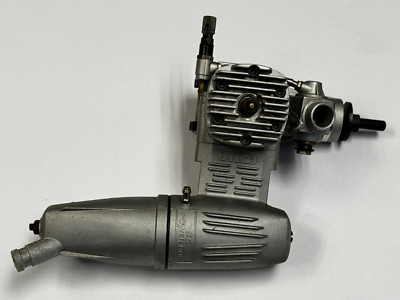 MAX―46FX ラジコンエンジン MAX―46FX ラジコンエンジン 【公式通販】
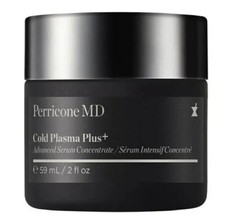 Perricone MD Cold Plasma Plus+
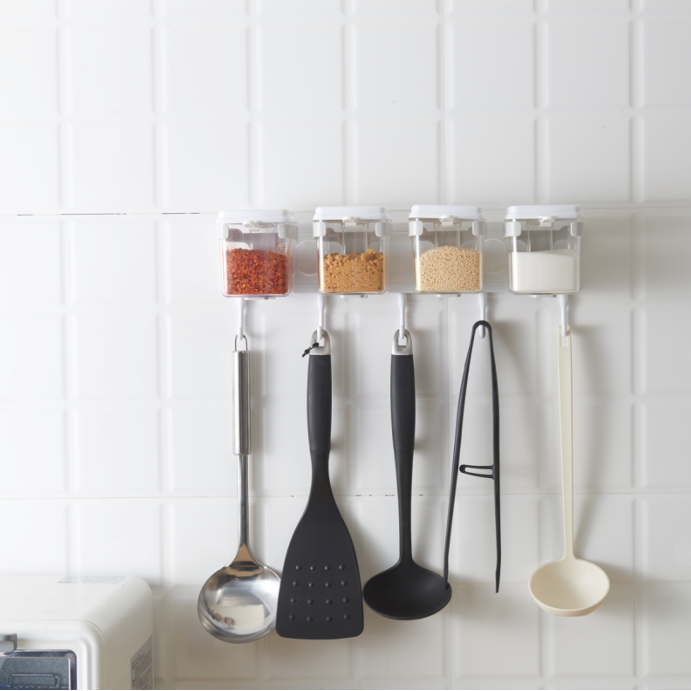 1553503681356704.png Multi-function-quality-plastic-cruet-set-seasoning.png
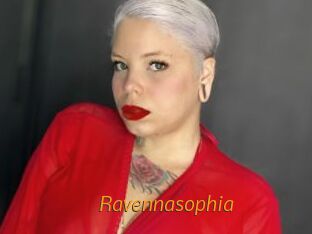 Ravennasophia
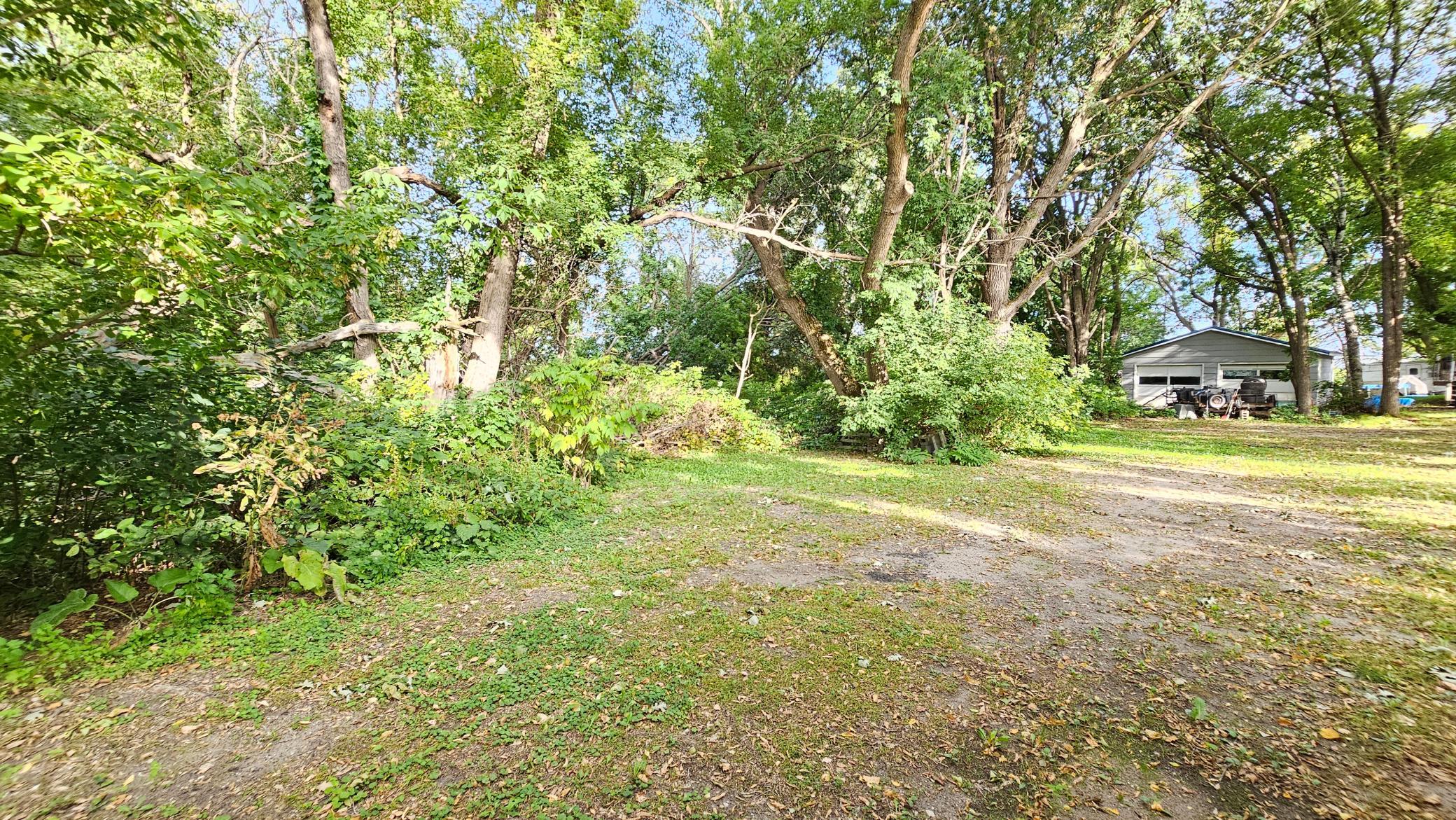 1930 single family home for sale at 103 2nd Avenue S in Dent, MN — 3 bed, 2 bath (photo 42 of 44)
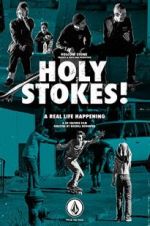 Watch Holy Stokes! A Real Life Happening Megashare8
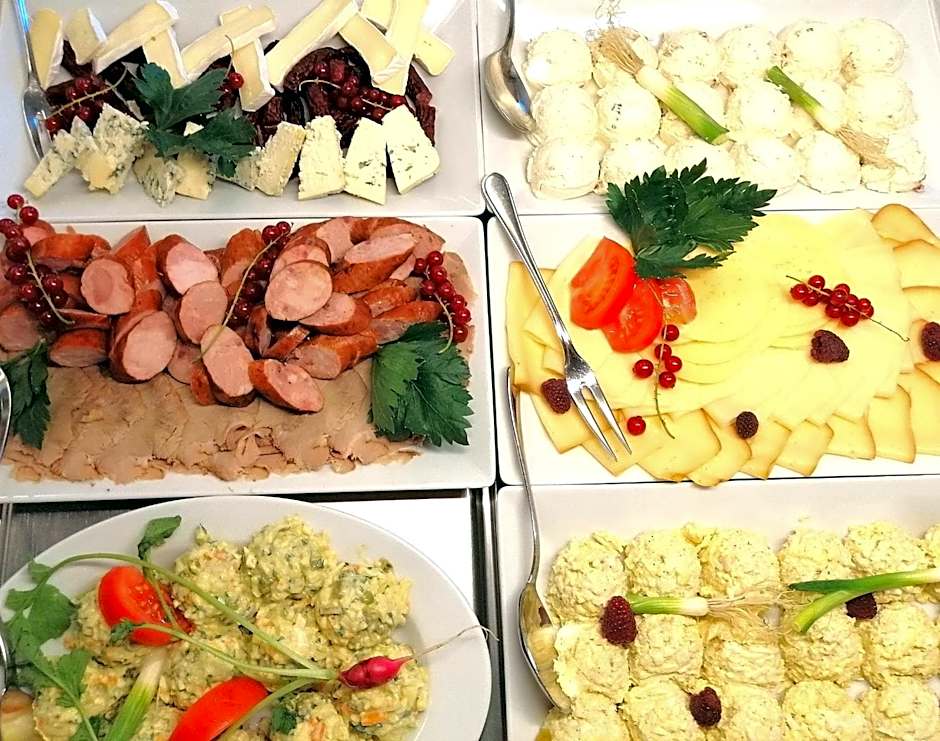 Nowa - Ski SPA Hotel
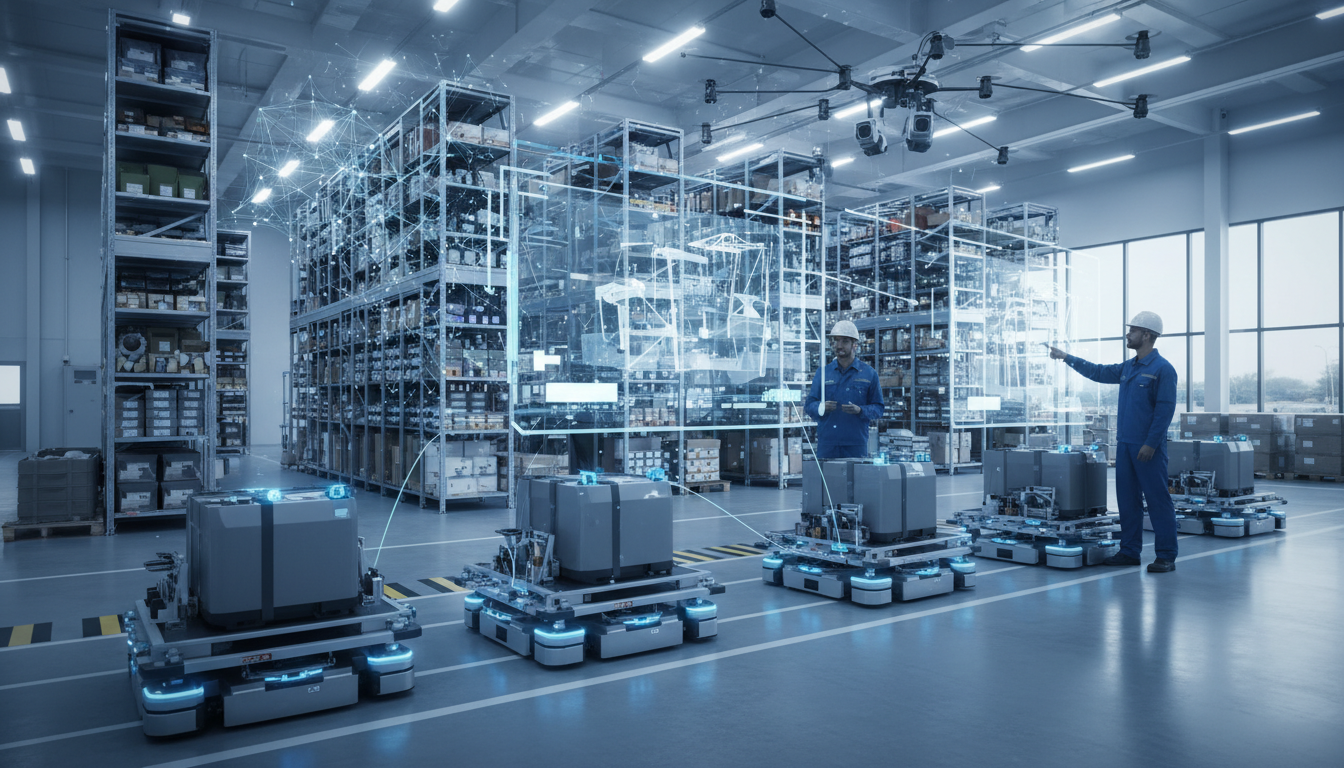 SixtySixten Client image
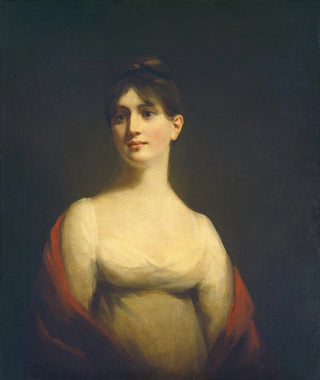 Sir Henry Raeburn - Miss Davidson Reid.webp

——

Omit every picture while printing the data word for word.

 MAX―46FX ラジコンエンジン MAX―46FX ラジコンエンジン 【公式通販】
 Perricone MD Cold Plasma Plus+
 1553503681356704.png Multi-function-quality-plastic-cruet-set-seasoning.png
 Ravennasophia
 1930 single family home for sale at 103 2nd Avenue S in Dent, MN — 3 bed, 2 bath (photo 42 of 44)
 Watch Holy Stokes! A Real Life Happening Megashare8
 Nowa - Ski SPA Hotel
 SixtySixten Client image
 Sir Henry Raeburn - Miss Davidson Reid.webp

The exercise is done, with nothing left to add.